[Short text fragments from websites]
────

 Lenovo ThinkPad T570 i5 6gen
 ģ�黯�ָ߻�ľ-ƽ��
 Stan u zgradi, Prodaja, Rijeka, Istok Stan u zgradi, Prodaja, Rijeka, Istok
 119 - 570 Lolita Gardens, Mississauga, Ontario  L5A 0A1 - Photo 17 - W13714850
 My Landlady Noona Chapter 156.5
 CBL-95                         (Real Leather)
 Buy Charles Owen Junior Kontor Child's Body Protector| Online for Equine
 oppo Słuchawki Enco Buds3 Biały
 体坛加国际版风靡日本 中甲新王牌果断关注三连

────

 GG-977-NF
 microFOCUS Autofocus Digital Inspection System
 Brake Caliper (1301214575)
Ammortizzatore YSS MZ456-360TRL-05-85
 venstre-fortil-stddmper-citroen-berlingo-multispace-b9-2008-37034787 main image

────

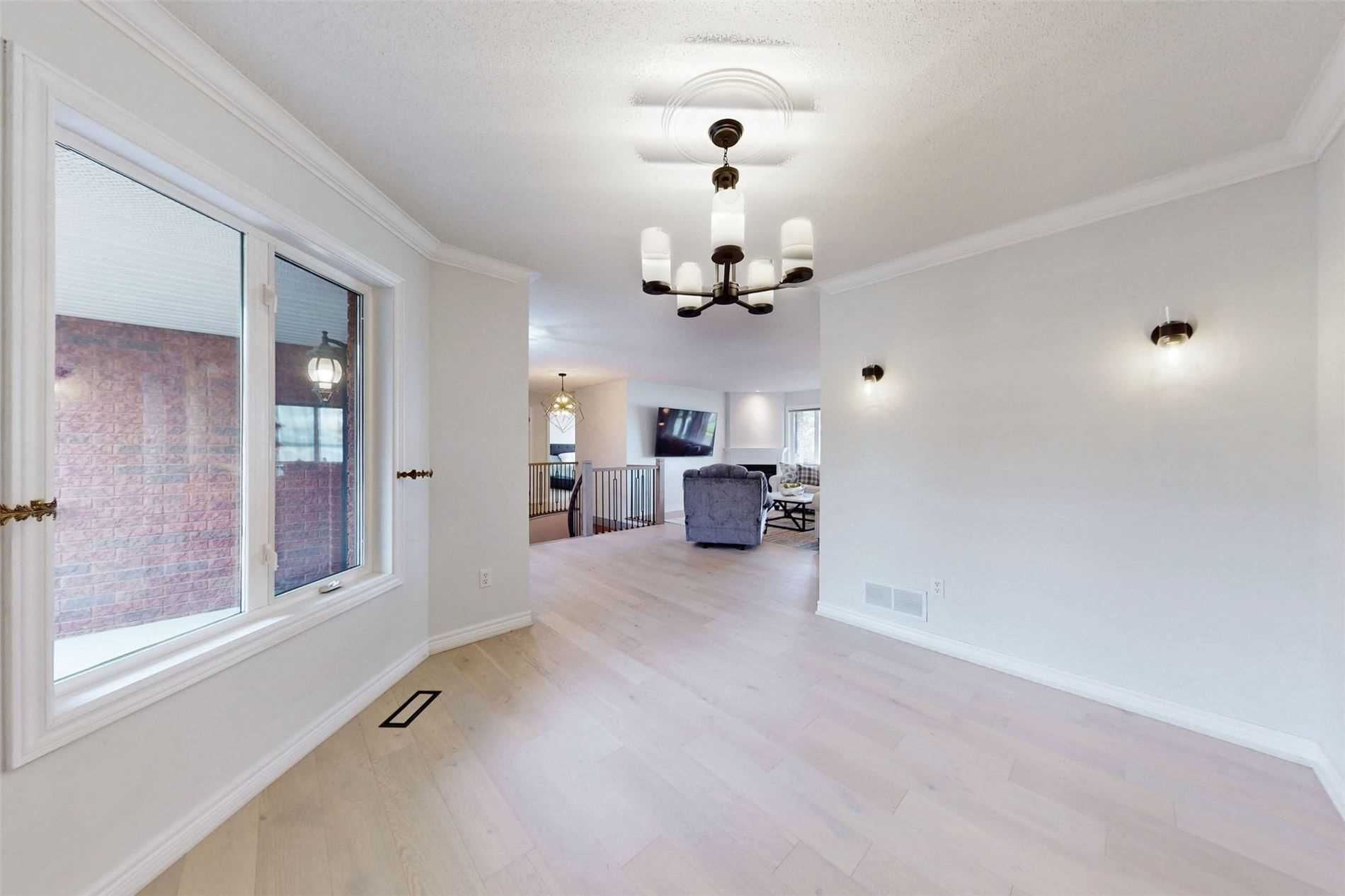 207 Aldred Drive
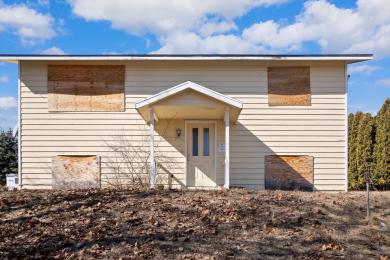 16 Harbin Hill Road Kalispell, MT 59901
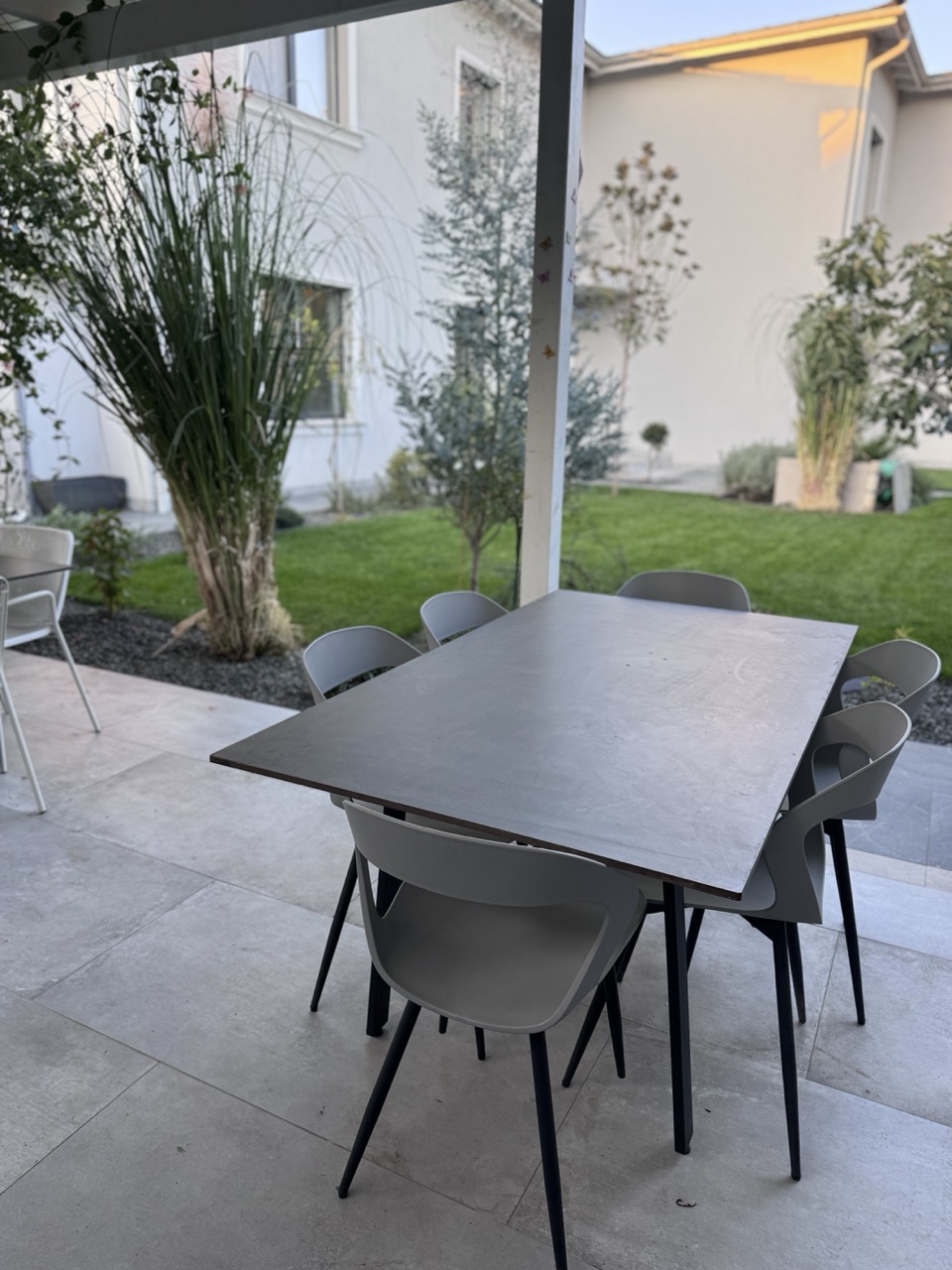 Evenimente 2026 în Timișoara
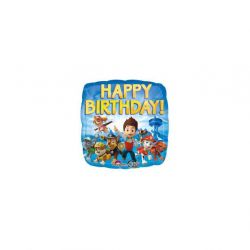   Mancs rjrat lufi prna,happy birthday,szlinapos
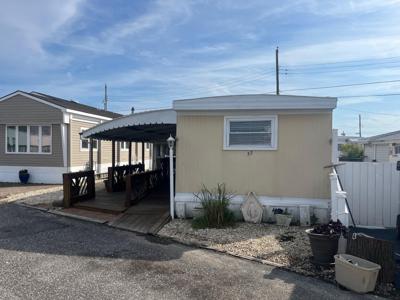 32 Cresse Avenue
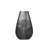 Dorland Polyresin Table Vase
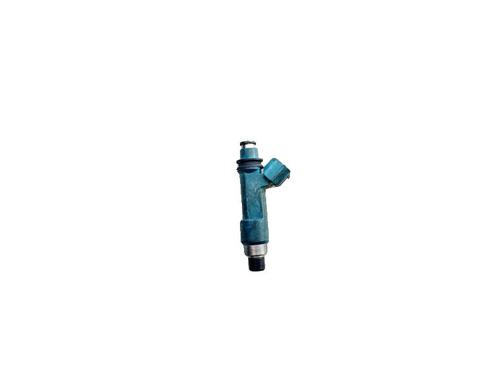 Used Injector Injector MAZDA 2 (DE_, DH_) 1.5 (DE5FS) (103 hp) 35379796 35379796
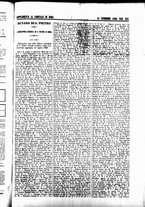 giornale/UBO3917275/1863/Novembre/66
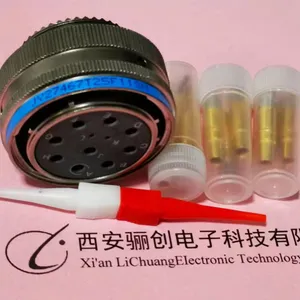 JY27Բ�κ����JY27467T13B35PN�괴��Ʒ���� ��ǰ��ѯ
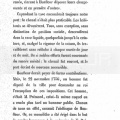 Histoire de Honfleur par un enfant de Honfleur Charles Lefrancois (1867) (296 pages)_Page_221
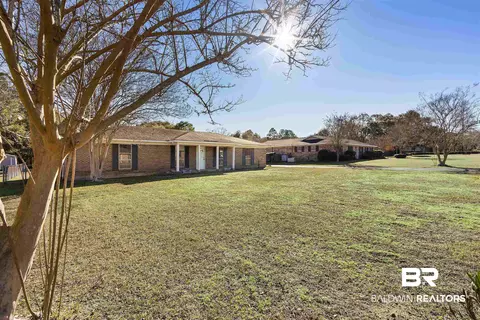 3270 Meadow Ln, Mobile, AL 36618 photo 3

────

**WORK INSTRUCTION**
What is asked for is an exact copy of the lines above from the one containing "Lenovo ThinkPad T570 i5 6gen" through the one containing "体坛加国际版风靡日本 中甲新王牌果断关注三连", and only those.

**OUTPUT**
 Lenovo ThinkPad T570 i5 6gen
 ģ�黯�ָ߻�ľ-ƽ��
 Stan u zgradi, Prodaja, Rijeka, Istok Stan u zgradi, Prodaja, Rijeka, Istok
 119 - 570 Lolita Gardens, Mississauga, Ontario  L5A 0A1 - Photo 17 - W13714850
 My Landlady Noona Chapter 156.5
 CBL-95                         (Real Leather)
 Buy Charles Owen Junior Kontor Child's Body Protector| Online for Equine
 oppo Słuchawki Enco Buds3 Biały
 体坛加国际版风靡日本 中甲新王牌果断关注三连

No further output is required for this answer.